Ravines’ wine production was 11,000 cases in 2011; it will increase this year to 15,000 cases. While the acquisition of White Springs’ vineyards and production facility will permit production to increase to 25,000 cases, Hallgren is conservative about winery growth and said he will plan carefully. Since not all 42 acres of winegrapes will be needed at Ravines, some will be used to make wines for White Springs, and the remainder will be sold.
Hallgren told Wines & Vines, “We want to be part of a group of winemakers who are establishing the Finger Lakes as the premier cool-climate winemaking area in North America.”
The Ravines story
Morten Hallgren grew up in Provence, France, where his family owned and operated Domaine de Castel Roubine, a 270-acre estate with 170 acres of vineyards. For many years he worked in the vineyards and in the cellars, where he learned the traditional methods of European winemaking. After coming to the United States, he earned a master’s degree in physics at Boston University and then worked on a Ph.D. in astrophysics at the University of Florida.
After returning to France, he received an advanced degree in both enology and viticulture at Montpellier and then worked the harvest at Château Cos d’Estournel in Bordeaux. He came back to the United States to work for a French negociant in West Texas and then moved on to Biltmore Estate for 2.5 years.
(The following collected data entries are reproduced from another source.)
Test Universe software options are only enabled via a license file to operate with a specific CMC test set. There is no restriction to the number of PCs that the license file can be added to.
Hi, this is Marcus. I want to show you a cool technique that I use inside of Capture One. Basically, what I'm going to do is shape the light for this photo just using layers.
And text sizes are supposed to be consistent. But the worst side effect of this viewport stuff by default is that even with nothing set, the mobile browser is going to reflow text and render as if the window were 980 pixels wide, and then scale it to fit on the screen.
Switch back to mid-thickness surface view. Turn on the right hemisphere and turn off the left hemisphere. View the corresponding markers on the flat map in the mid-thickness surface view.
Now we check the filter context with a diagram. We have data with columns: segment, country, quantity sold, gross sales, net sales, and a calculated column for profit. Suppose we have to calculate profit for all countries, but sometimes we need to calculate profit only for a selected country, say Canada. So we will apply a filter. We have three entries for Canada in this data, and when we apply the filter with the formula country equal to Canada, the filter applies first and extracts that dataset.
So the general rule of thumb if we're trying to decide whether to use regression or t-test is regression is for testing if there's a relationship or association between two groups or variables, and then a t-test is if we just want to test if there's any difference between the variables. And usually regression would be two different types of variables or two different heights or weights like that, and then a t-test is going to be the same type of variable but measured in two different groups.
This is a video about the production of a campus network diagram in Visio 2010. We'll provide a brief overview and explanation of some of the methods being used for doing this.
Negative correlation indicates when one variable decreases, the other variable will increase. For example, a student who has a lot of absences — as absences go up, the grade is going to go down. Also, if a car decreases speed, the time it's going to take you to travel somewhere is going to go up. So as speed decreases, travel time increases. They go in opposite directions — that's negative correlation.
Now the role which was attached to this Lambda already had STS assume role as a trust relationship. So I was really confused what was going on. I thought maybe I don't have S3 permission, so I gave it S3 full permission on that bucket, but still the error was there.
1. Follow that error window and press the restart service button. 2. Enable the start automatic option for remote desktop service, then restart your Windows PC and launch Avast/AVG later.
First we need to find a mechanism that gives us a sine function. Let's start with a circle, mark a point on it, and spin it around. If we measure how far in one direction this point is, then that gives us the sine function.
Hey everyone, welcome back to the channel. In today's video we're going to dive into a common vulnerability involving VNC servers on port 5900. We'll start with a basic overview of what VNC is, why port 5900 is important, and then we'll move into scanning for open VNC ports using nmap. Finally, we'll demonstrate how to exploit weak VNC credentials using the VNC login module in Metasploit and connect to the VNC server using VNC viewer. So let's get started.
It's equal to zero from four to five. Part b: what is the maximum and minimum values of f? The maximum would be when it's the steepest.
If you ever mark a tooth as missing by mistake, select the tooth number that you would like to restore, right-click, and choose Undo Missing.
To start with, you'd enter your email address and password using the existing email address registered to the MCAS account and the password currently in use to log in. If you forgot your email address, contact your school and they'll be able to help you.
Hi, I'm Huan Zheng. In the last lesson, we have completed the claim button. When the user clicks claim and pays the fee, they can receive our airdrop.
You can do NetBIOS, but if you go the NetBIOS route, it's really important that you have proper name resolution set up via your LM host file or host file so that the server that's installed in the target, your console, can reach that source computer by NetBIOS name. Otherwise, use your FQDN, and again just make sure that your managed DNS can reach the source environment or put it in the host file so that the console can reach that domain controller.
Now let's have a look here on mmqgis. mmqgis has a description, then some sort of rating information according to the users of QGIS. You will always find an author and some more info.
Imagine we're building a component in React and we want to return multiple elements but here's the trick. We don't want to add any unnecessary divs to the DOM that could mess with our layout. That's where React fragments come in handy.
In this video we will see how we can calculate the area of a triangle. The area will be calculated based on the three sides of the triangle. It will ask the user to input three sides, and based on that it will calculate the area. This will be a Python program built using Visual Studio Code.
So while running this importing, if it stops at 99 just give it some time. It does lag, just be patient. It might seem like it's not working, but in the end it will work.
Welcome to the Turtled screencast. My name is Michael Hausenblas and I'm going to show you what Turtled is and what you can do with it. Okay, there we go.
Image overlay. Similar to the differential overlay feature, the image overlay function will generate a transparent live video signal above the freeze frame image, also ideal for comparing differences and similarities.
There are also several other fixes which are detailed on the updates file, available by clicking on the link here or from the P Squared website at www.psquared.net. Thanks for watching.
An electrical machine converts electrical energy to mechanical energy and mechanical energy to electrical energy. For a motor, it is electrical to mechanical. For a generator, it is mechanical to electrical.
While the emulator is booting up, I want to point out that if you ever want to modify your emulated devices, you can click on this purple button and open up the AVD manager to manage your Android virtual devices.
In 1999 he was recruited by Willy Frank to be chief winemaker at Dr. Konstantin Frank’s Vinifera Wine Cellars, where he remained for six years.
In 2000, he and his wife Lisa purchased 17 acres of land on a hillside located at the widest part of Keuka Lake—a site selected to take maximum advantage of temperature moderation from the lake. Their hillside is situated between two deep ravines that drain cold air from the land during the winter; these ravines later inspired the name of the winery. In 2003, the Hallgrens opened Ravines’ tasting room.
The principal wines at Ravines have been Riesling, Chardonnay, Pinot Noir and Cabernet Franc. A Meritage wine has also been popular. With the acquisition of the vineyard at White Springs, Hallgren has high expectations for Gewürztraminer.
Ravines Wine Cellars has distributors on the East Coast from Maine to Florida and westward to Chicago, Colorado, Texas and California. Many of the sales in California are to restaurants that pair Ravines wines with food. Morten Hallgren recently told Wines & Vines, “I’ve always felt that the wines I make should pair well with food. Too many wines today are out of balance—the high-alcohol wines of California being an example. To get the proper balance, I rely on Old World winemaking tradition with New World innovation.”